Sir Roger Moore, que morreu na Suíça, aos 89 anos, de cancro, nunca se levou muito a sério como actor (“Tenho três expressões: sobrancelha esquerda levantada, sobrancelha direita levantada, e as duas levantadas ao mesmo tempo”), nunca ligou muito às críticas (“Precisava de ter duas casas só para guardar as más”) e dizia com sincera modéstia que devia 99% da sua fama “à sorte” e que ficou mundialmente conhecido graças a apenas dois papéis. Primeiro, o de Simon Templar, “O Santo”, na televisão, na década de 60, e depois o de James Bond, o agente 007 de Ian Fleming no cinema, em sete filmes, rodados entre 1973 e 1985: “007-Vive e Deixa Morrer” (1973), “007-O Homem da Pistola Dourada” (1974), “007-Agente Irresistível” (1977), “007-Aventura no Espaço” (1979), “007-Missão Ultra-Secreta” (1981), “007-Operação Tentáculo” (1983) e “007-Alvo em Movimento” (1985).

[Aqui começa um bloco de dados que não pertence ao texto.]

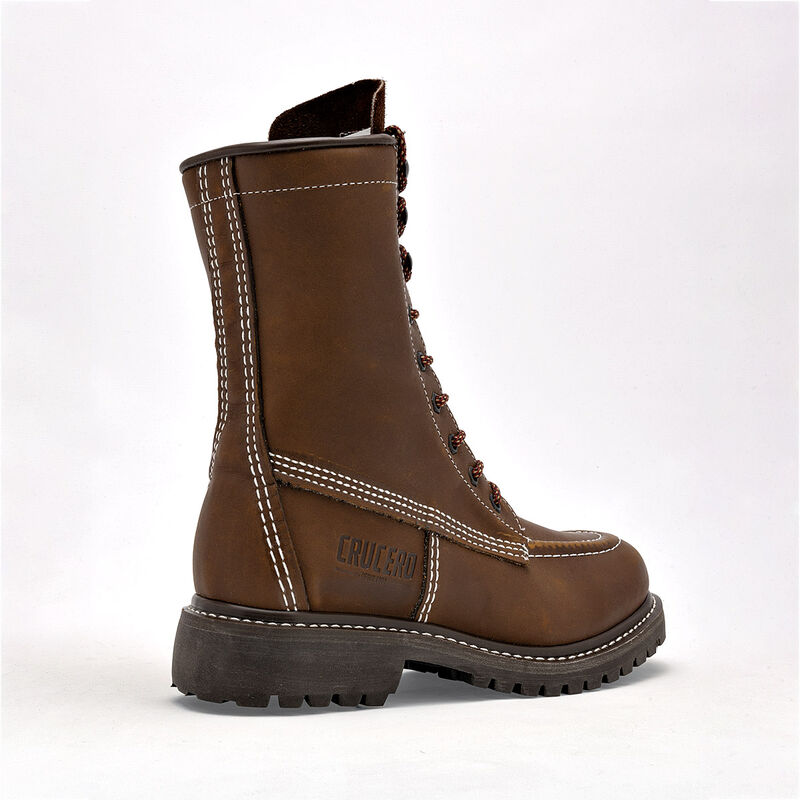 Crucero Bota Para Hombre Caf&eacute; Cod 126249-f image number null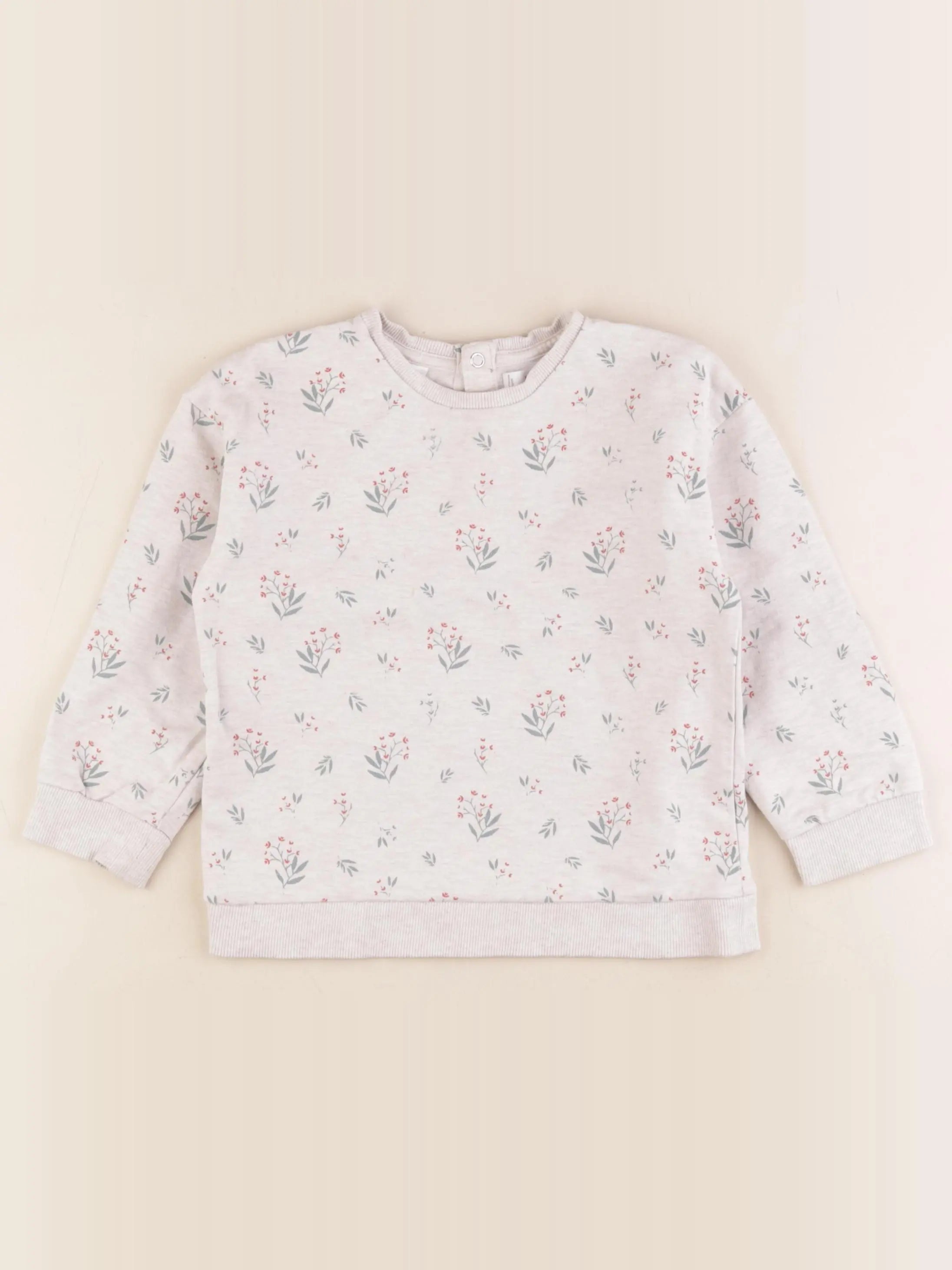 Mango - sweat beige - 3/4 ans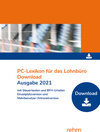 Buchcover PC-Lexikon für das Lohnbüro 2021 mit Steuertexten und BFH-Urteilen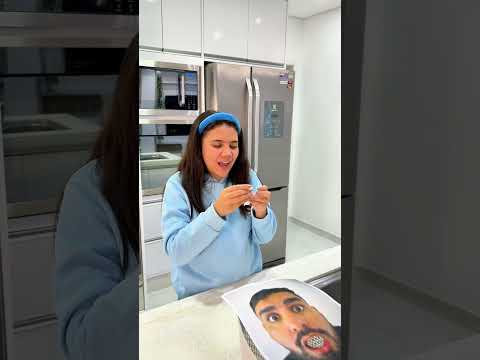 ELE NUNCA MAIS VAI MEXER COMIGO DEPOIS DISSO!!! kkkkkk #sobrinha #reação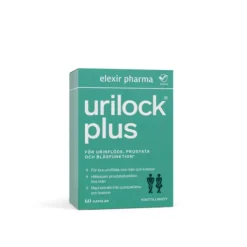 Elexir Pharma Urilock Plus 60 kapslar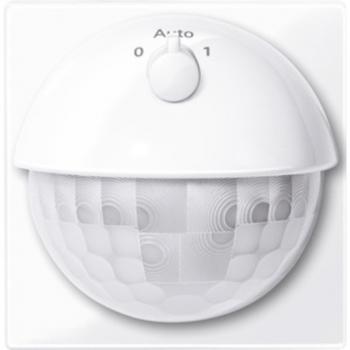 Merten MEG5711-0325 ARGUS 180 UP Sensor-Modul mit Schalter, aktivweiß glänzend, System 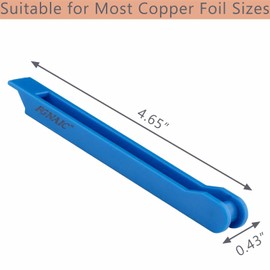 Stained Glass Hand Foiler and Copper Tape, Art Stained Glass Hand Foilling Tool Set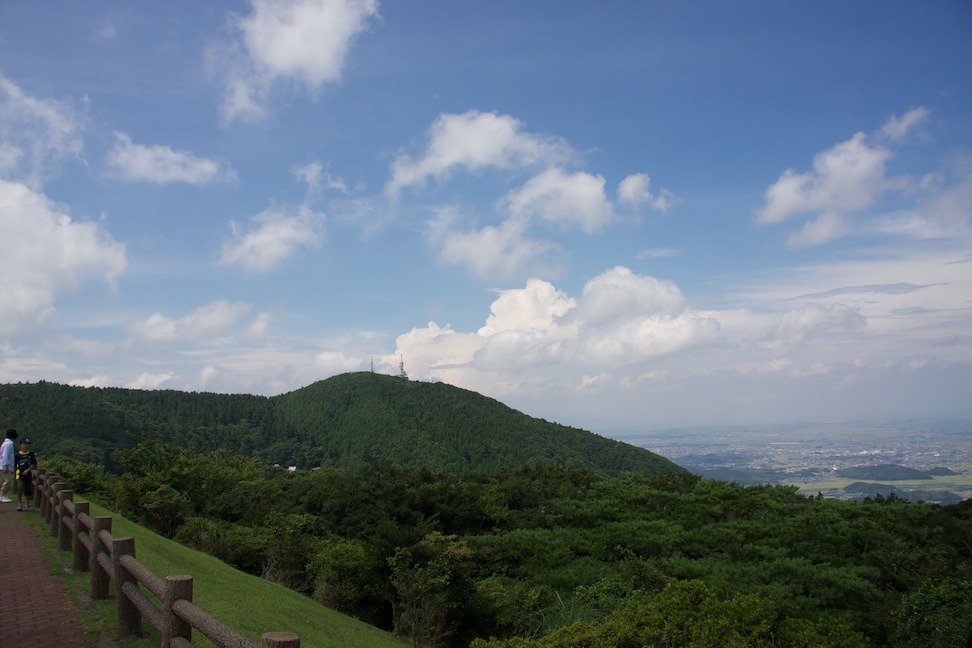朝熊山展望台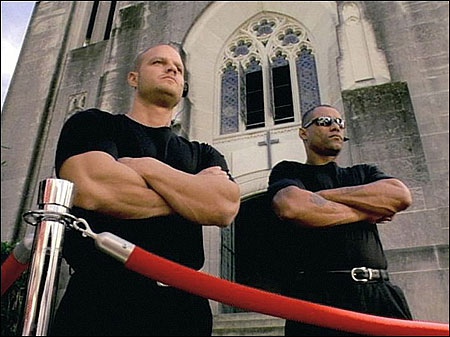 New Jersey Bride—wedding bouncer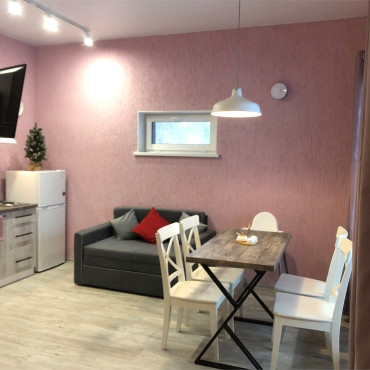 Коттедж ""Черная жемчужина" 45м2"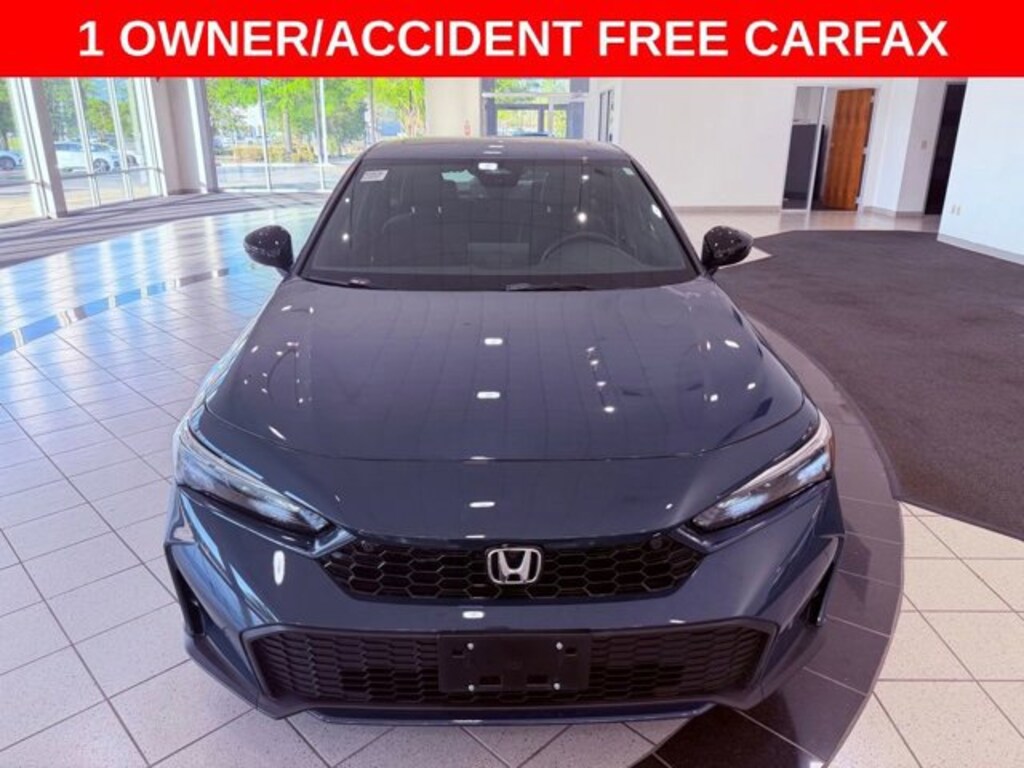 Used 2025 Honda Civic Hybrid Sport Sedan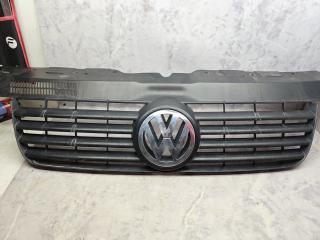 решетка радиатора Volkswagen Transporter T5 2006, 2.5 л., BNZ, дизель, АКПП, микроавтобус, 7H0807101, 7H0807105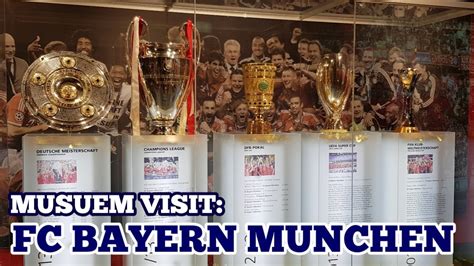 Interno del Museo del Bayern München (FC Bayern Erlebniswelt)
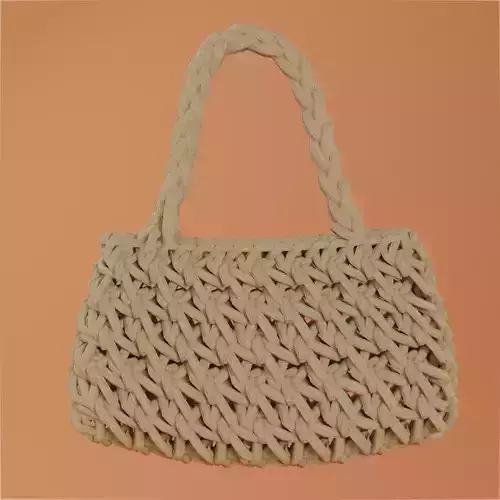 weave bag cream color v17
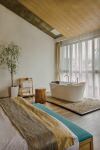 Shuimo Nianhua Hot Spring Hostel - Bungalows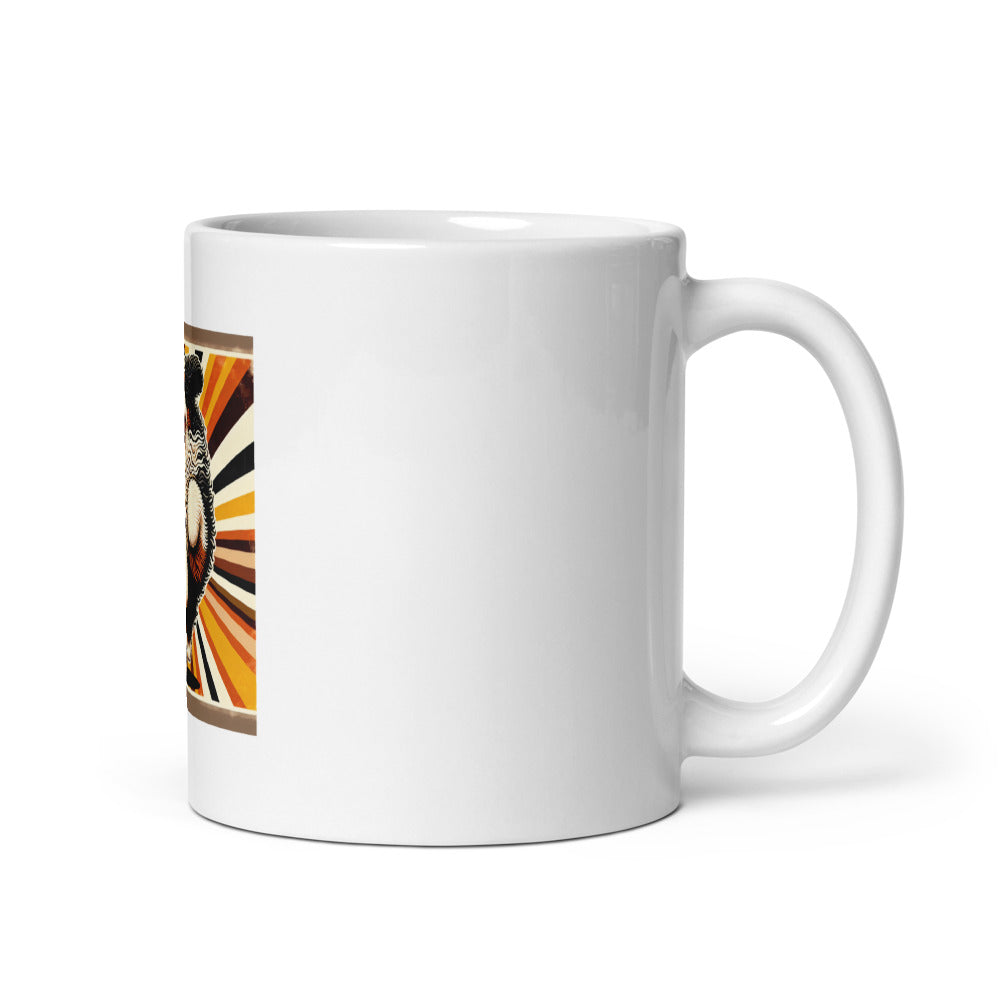 Bernedoodle Mug | Retro Vintage Zoomies Dog Mug | Bernedoodle Mom Gift | Funny Doodle Dog Cup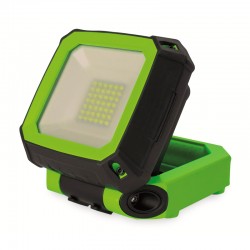 Foco LED de trabajo recargable con colgador 7,5W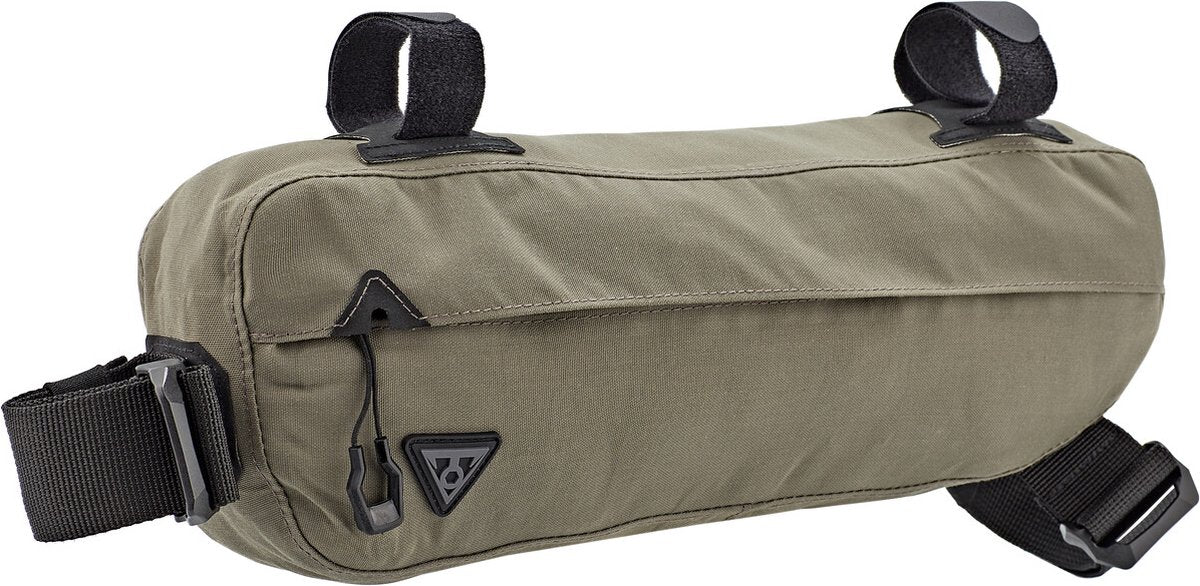 Topeak rammetaske midloader grøn - 3,0 l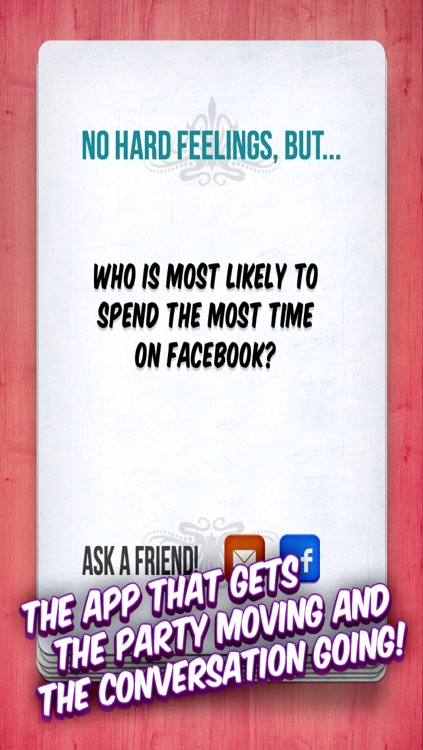 MOST LIKELY - a party game! screenshot-4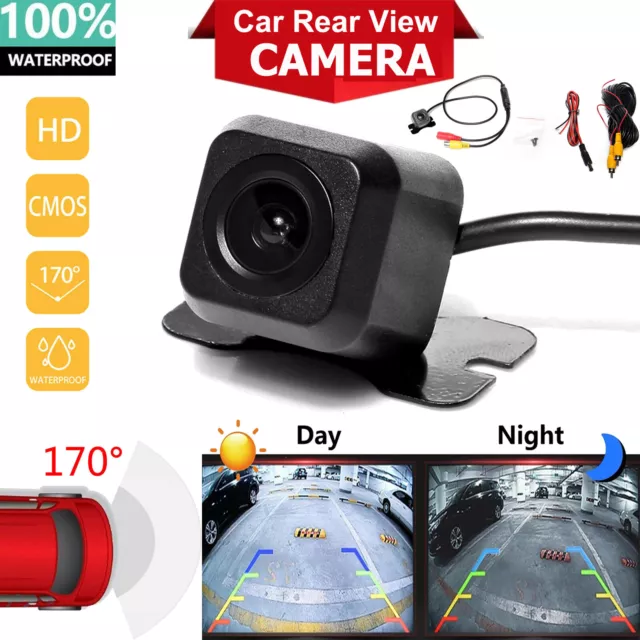 170ﾰ Car Rear View Reverse Backup Parking Camera HD Night Vision Waterproof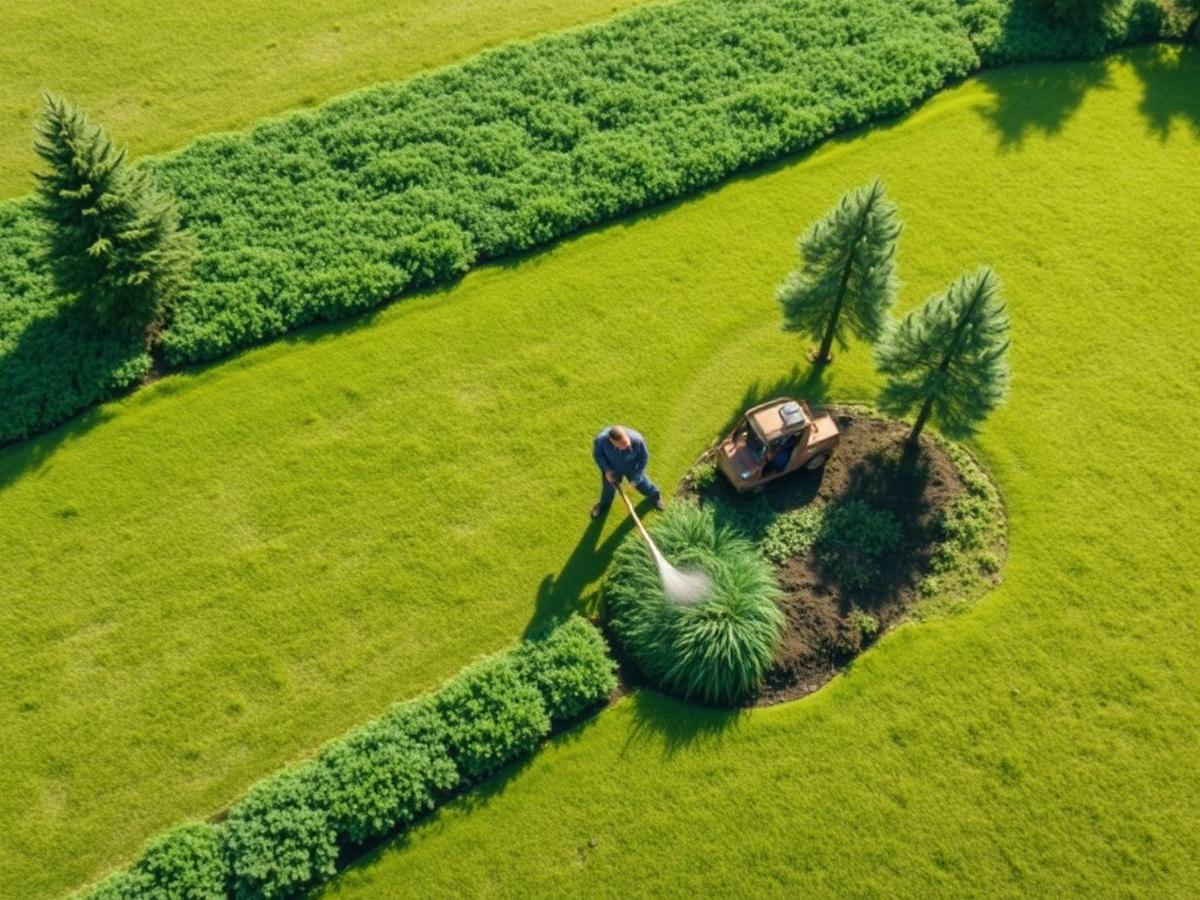 Manutenção de Espaços Verdes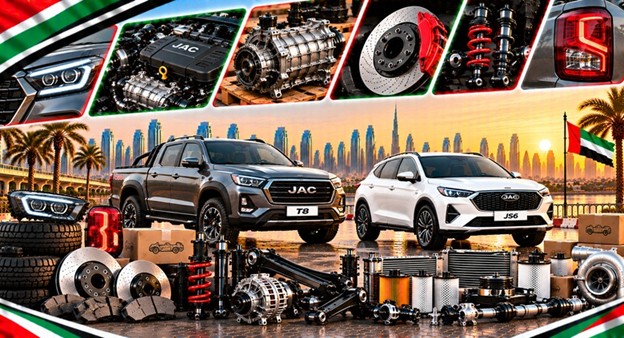 Genuine JAC Spare Parts UAE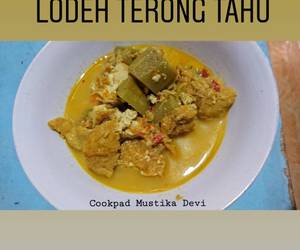 Masakan Populer Lodeh Terong Tahu Nikmat Lezat Masakan Populer Lodeh Terong Tahu Nikmat Lezat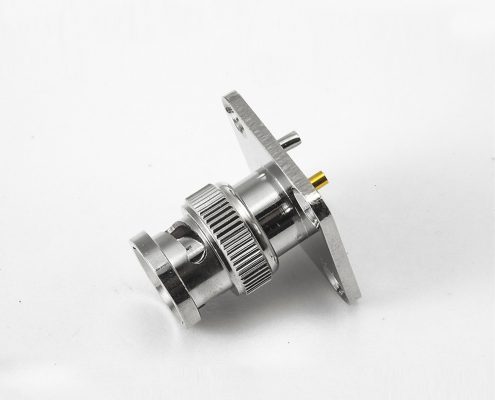 75ΩBNC公头直式法兰盘式座子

Moore foi o terceiro James Bond, depois de Sean Connery ter originado o papel no cinema, e a seguir ao catastrófico George Lazenby, que só durou um filme. Uns acham que foi um dos piores 007 de sempre. Outros, o melhor. O que importa é que Sir Roger Moore foi um Bond diferente, instilando-lhe traços da sua personalidade, e características não só do Simon Templar de “O Santo”, como também de outra personagem que fez na televisão, o lorde Brett Sinclair de outra série policial, “Os Persuasores” (1071-72), onde contracenou com Tony Curtis. Moore interpretou 007 num estilo totalmente diferente do forte e feio de Connery.

Foi como se um aristocrata inglês com uma educação refinada e um forte sentido de humor (que era também o do actor), tivesse vestido a pele da personagem do agente secreto mais cosmopolita  implacável de Sua Majestade. O lado implacável foi atenuado e o lado cosmopolita e humorístico mais cultivado. Onde alguns torceram o nariz, outros aplaudiram, e apesar de ter sido o actor mais velho a assumir a personagem de James Bond (tinha 45 anos quando a interpretou pela primeira vez, e 56 quando lhe disse adeus), Sir Roger Moore é hoje o 007 preferido de uma vasta legião de “bondianos”. E até escreveu, além de dois saborosos livros de memórias, um outro sobre 007 no cinema, “Bond on Bond” (2014).

“O Santo” e os filmes de James Bond tendem, naturalmente, a ofuscar outras coisas meritórias que Sir Roger Moore fez, como é o caso, na televisão, da série histórica “Ivanhoe” (1958-59) ou da citada “Os Persuasores”, ambas exibidas pela RTP. E, no cinema, de filmes que interpretou antes, durante e depois da sua estadia  na figura de 007. Entre os melhores estão “A Luta de um Homem” (1970), de Basil Dearden, de “Armadilha Internacional”, de Peter Hunt (1976),  “Os Gansos Selvagens” (1978),  “Assalto no Alto Mar” (1980) e “Os Comandos de Sua Majestade”  (1980), todos de Andrew V. McLaglen, “O Mistério de um Rapto”, de Bryan Forbes (1984).

Numa das últimas entrevistas que deu, disse, com o seu proverbial bom humor e a sua reconhecida modéstia: “Passei a minha vida a interpretar heróis porque tinha ar de herói. Praticamente todos os papéis que me ofereceram pouco mais exigiam do que fizesse de mim próprio. Adorava ter interpretado um vilão a sério.” Permita-nos discordar cordialmente, Mr. Bond… Perdão, Sir Roger.